**What needs to be done**.
From the line containing "Blick aufs Riesengebirge" to the end of the data, retype every line exactly and nothing else. Drop the pictures.

**Stored data**.
· · · ·

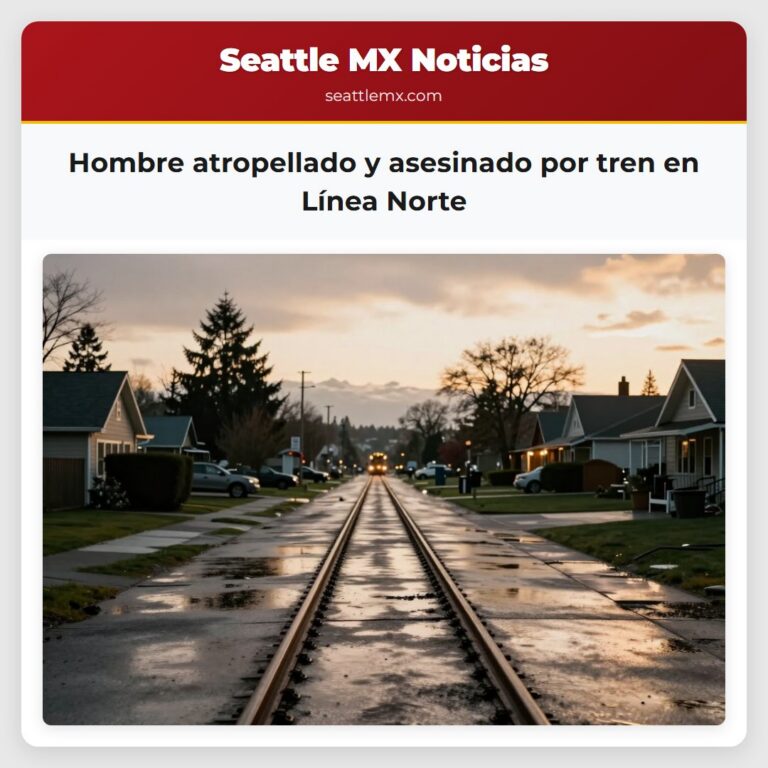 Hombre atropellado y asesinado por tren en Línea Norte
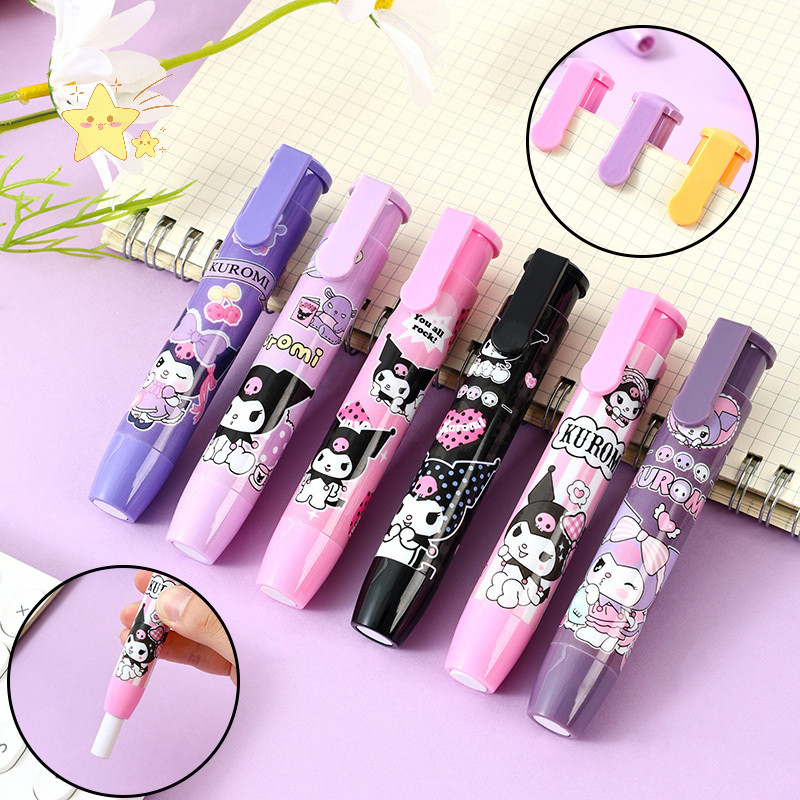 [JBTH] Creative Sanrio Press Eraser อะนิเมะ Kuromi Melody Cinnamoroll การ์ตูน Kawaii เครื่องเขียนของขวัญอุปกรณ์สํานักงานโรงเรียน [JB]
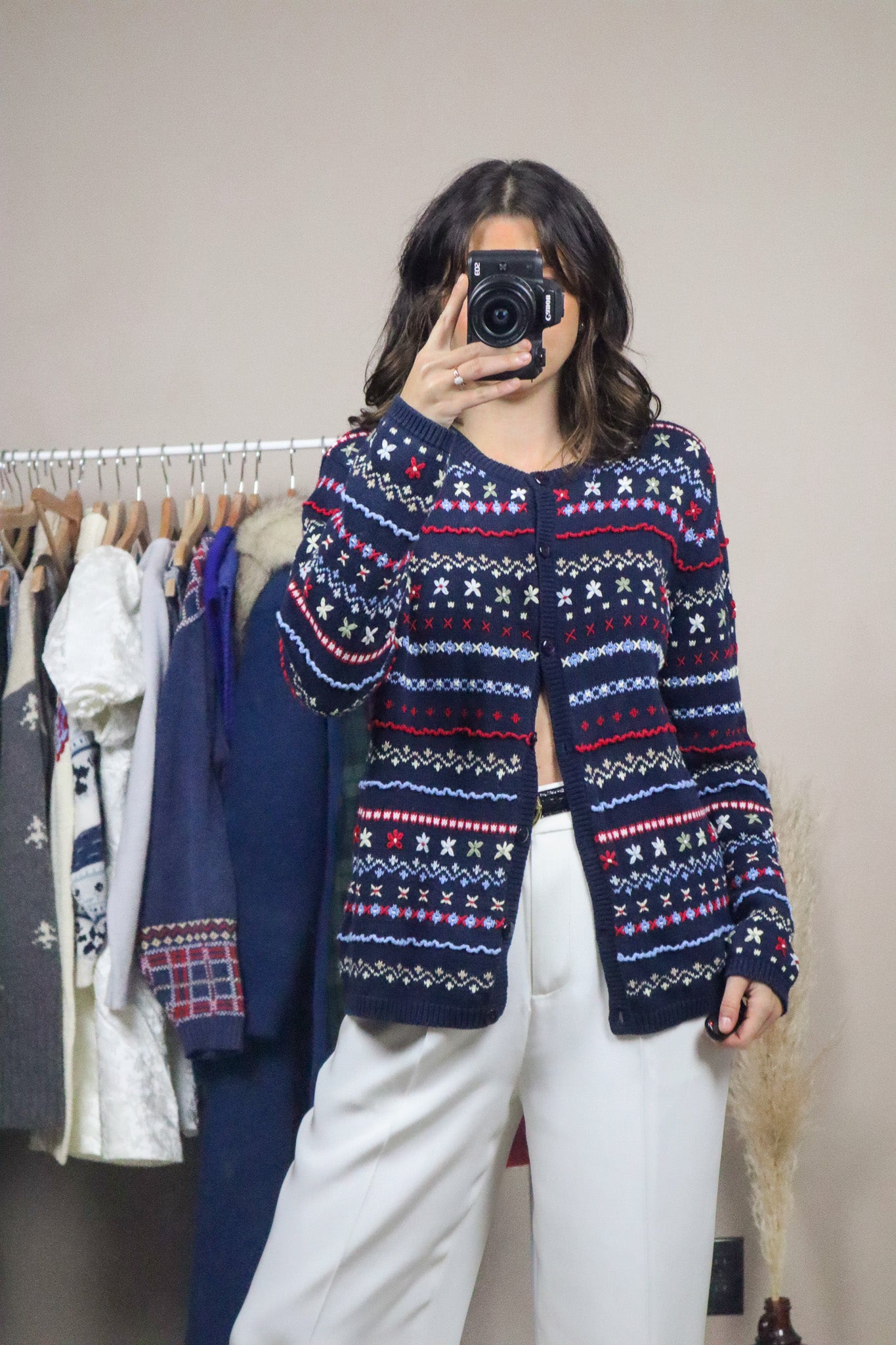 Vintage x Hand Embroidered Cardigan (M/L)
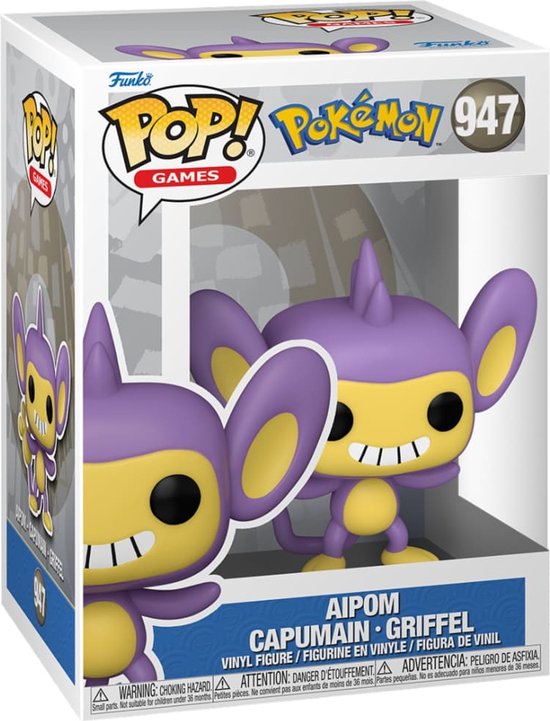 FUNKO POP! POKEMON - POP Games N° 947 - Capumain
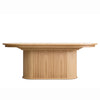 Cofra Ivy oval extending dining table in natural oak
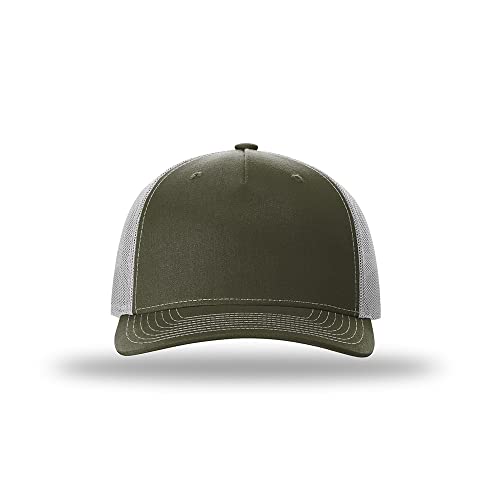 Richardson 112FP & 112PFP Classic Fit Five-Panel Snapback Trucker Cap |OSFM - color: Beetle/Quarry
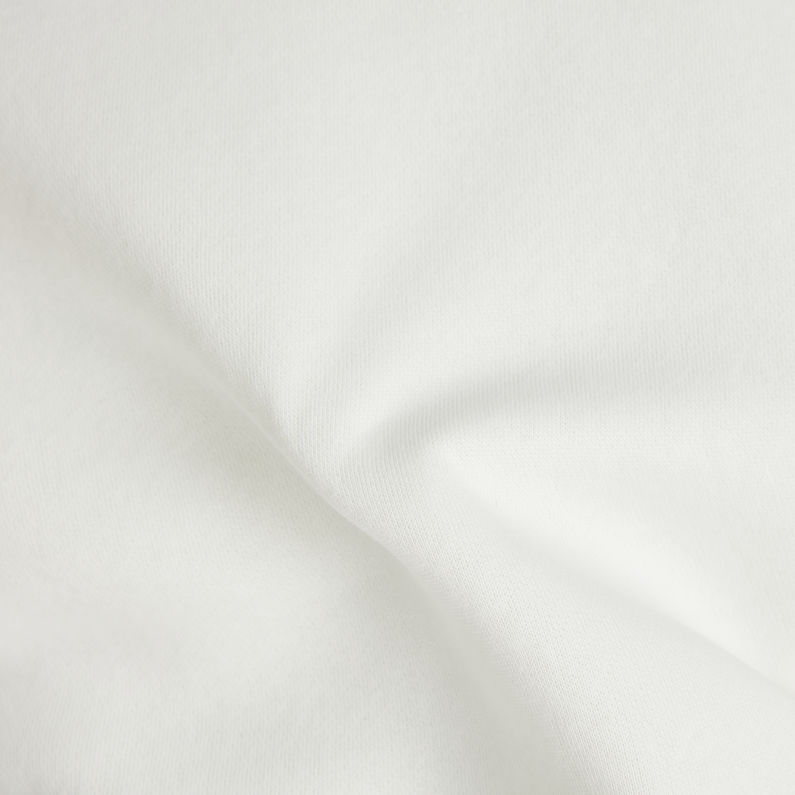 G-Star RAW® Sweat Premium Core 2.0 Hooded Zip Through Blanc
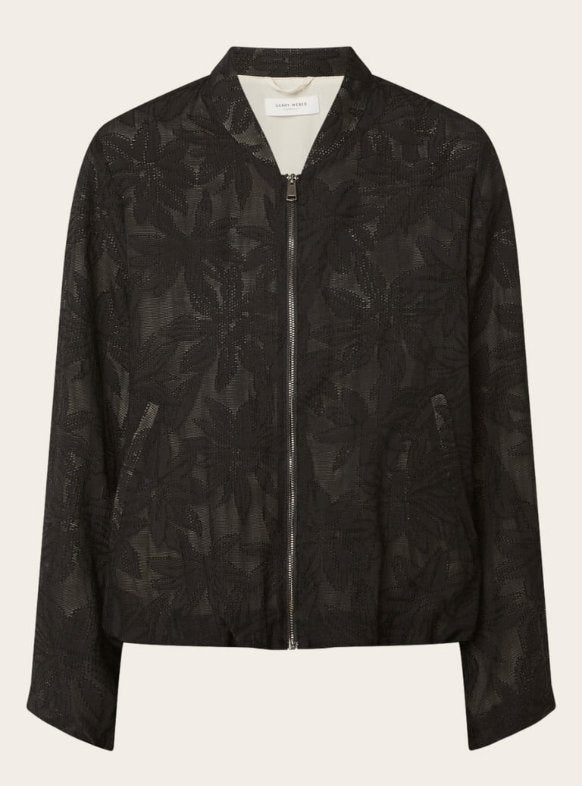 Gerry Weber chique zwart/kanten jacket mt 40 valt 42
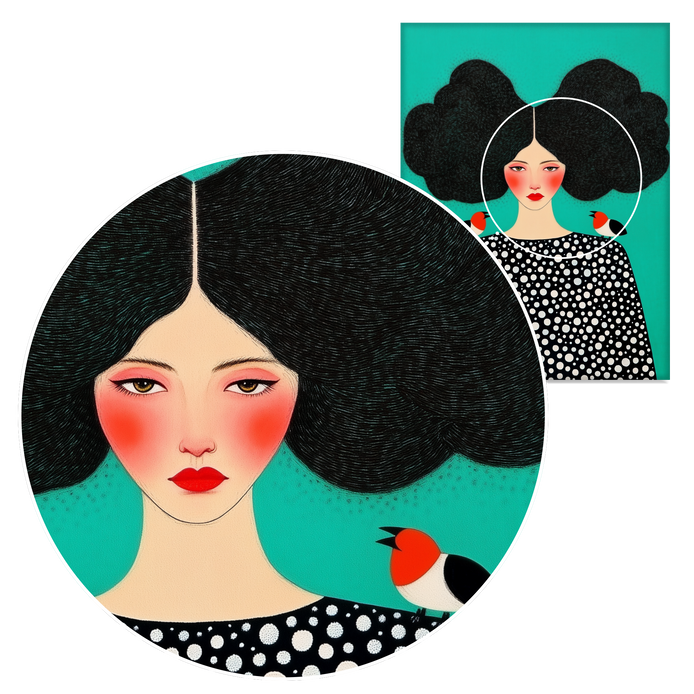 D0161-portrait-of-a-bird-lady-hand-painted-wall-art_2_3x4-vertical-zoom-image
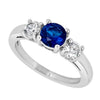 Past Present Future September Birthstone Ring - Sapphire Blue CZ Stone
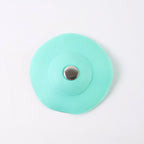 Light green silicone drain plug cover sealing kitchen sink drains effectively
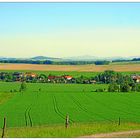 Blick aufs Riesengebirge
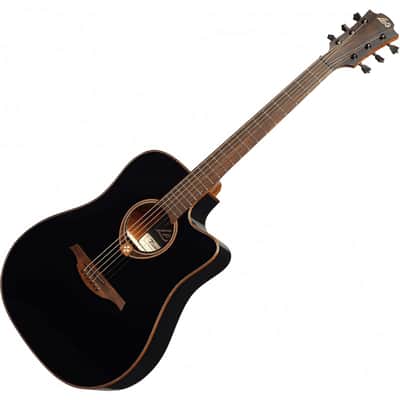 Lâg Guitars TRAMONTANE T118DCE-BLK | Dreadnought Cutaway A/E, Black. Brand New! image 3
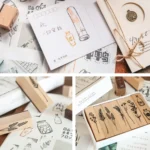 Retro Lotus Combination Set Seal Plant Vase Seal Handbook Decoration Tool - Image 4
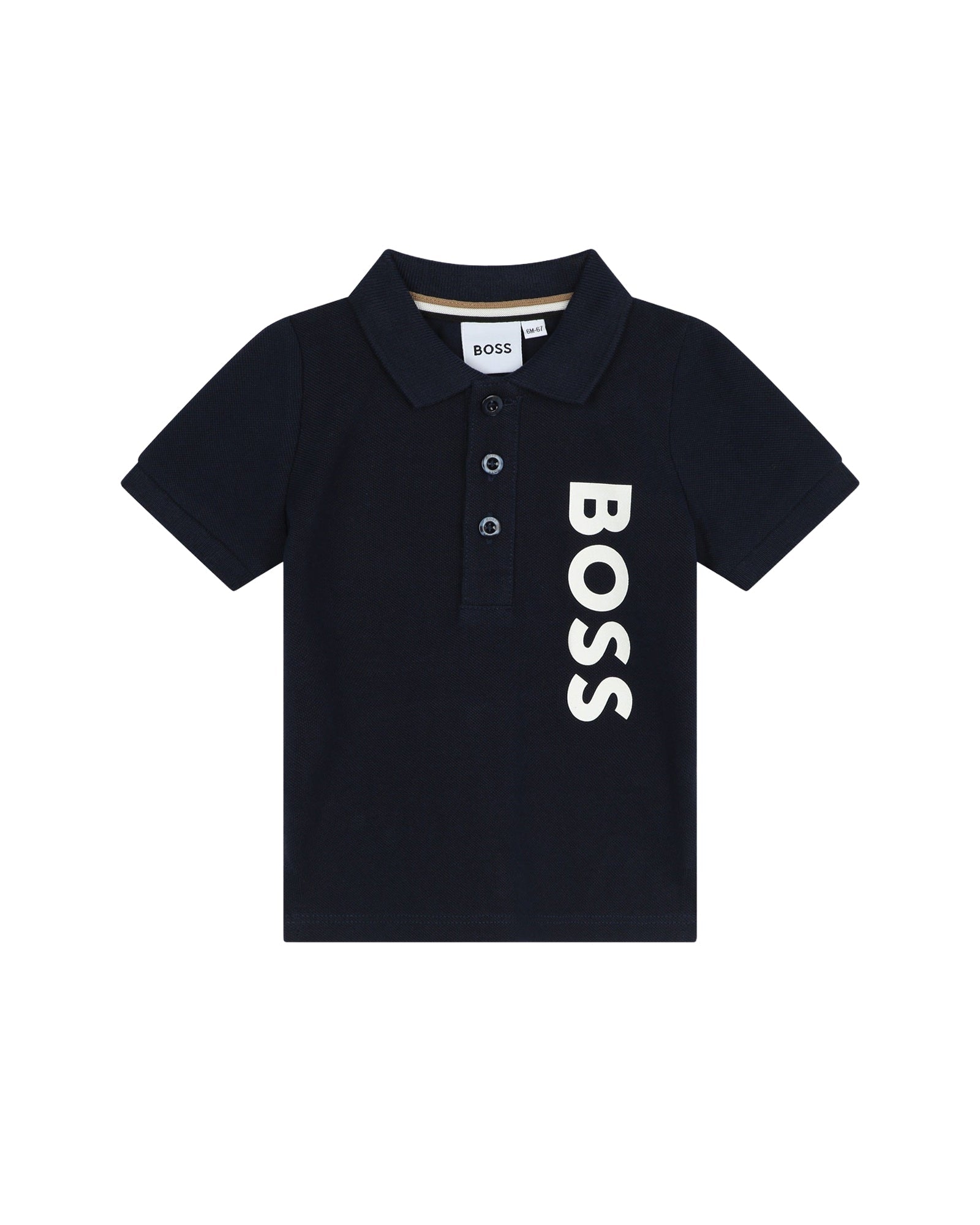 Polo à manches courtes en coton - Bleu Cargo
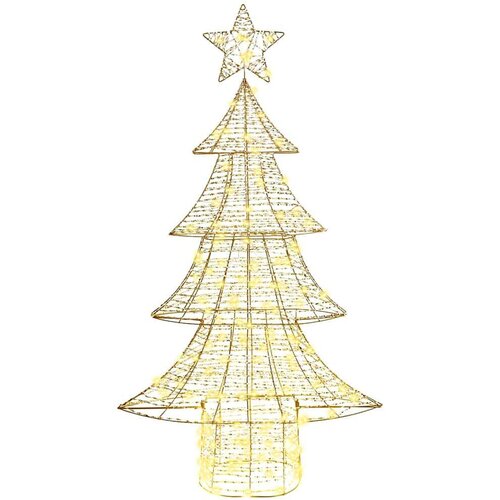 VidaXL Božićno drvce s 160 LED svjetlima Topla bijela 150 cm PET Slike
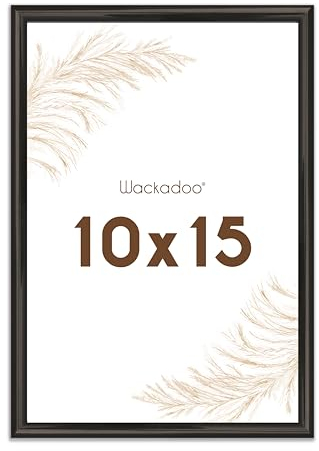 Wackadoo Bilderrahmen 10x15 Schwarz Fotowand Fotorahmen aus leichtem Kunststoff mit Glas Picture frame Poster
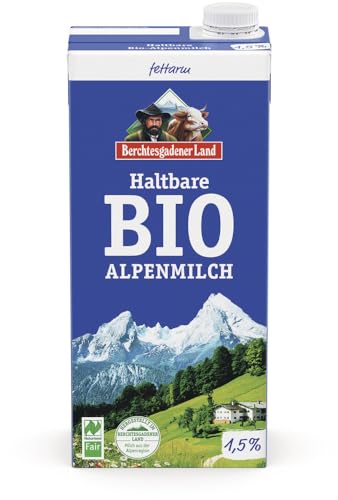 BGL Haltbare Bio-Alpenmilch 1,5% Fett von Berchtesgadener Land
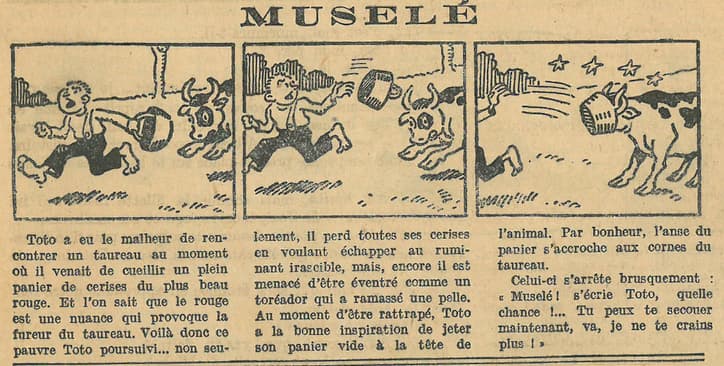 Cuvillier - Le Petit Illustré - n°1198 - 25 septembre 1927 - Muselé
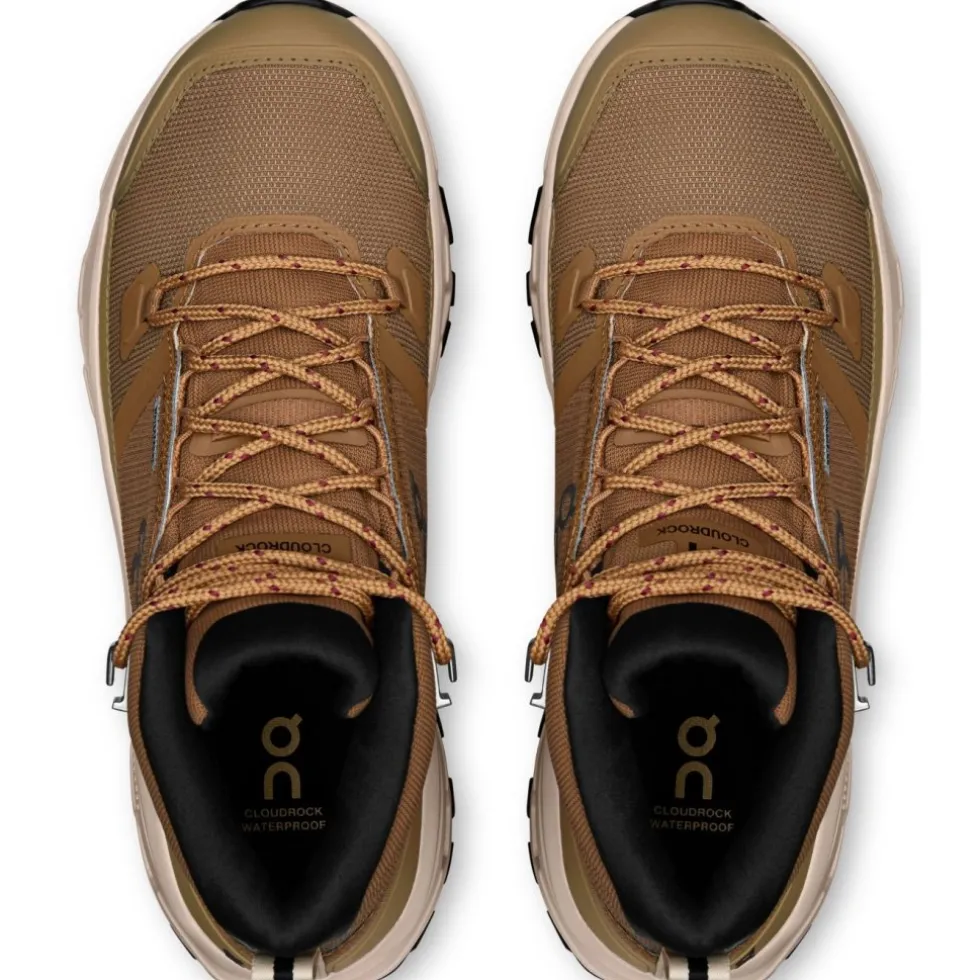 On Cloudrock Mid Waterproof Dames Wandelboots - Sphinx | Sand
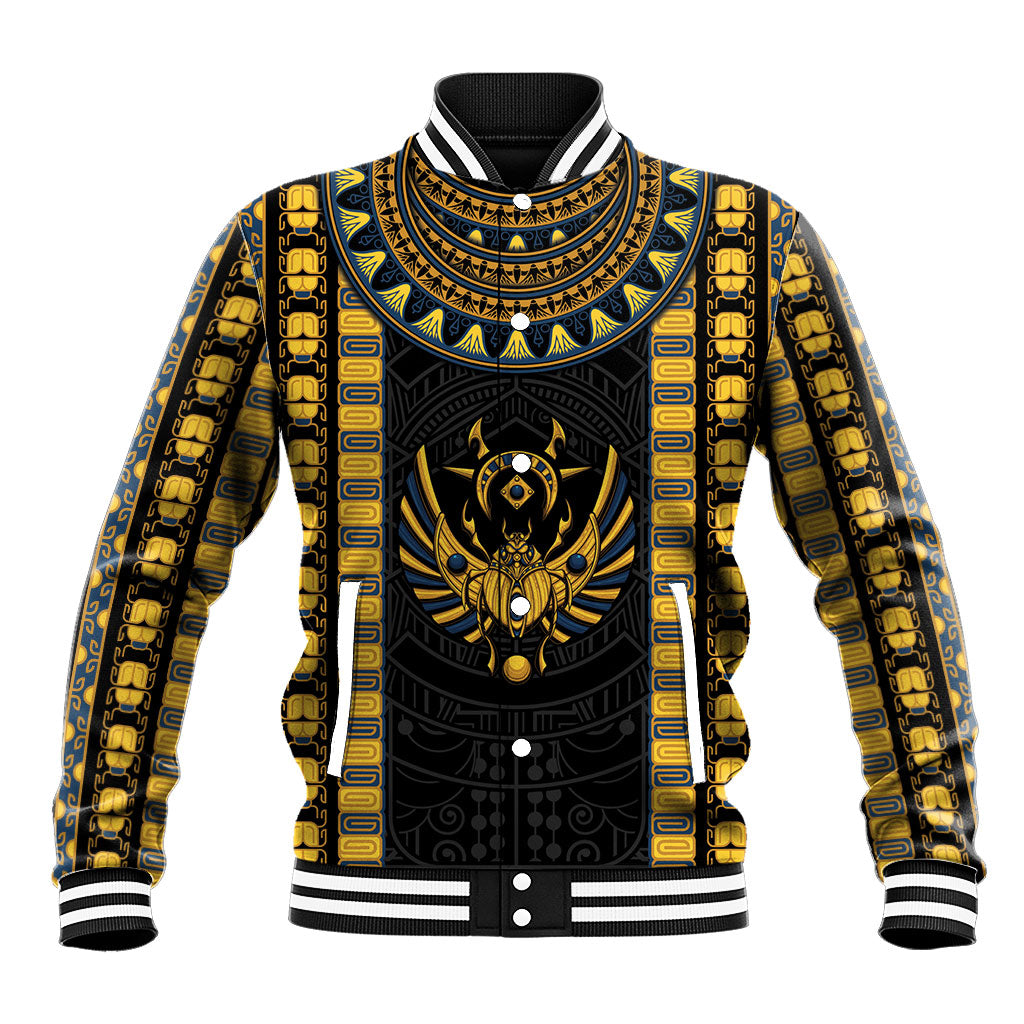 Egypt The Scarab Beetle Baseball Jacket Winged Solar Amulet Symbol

· · · ·

**Task result**.
 Blick aufs Riesengebirge
 Lâg Guitars TRAMONTANE T118DCE-BLK | Dreadnought Cutaway A/E, Black. Brand New! image 3
 Retro Lotus Combination Set Seal Plant Vase Seal Handbook Decoration Tool - Image 4
 Polo à manches courtes en coton - Bleu Cargo
 VidaXL Božićno drvce s 160 LED svjetlima Topla bijela 150 cm PET Slike
 Wackadoo Bilderrahmen 10x15 Schwarz Fotowand Fotorahmen aus leichtem Kunststoff mit Glas Picture frame Poster
 BGL Haltbare Bio-Alpenmilch 1,5% Fett von Berchtesgadener Land
 Cuvillier - Le Petit Illustré - n°1198 - 25 septembre 1927 - Muselé
 On Cloudrock Mid Waterproof Dames Wandelboots - Sphinx | Sand
 Egypt The Scarab Beetle Baseball Jacket Winged Solar Amulet Symbol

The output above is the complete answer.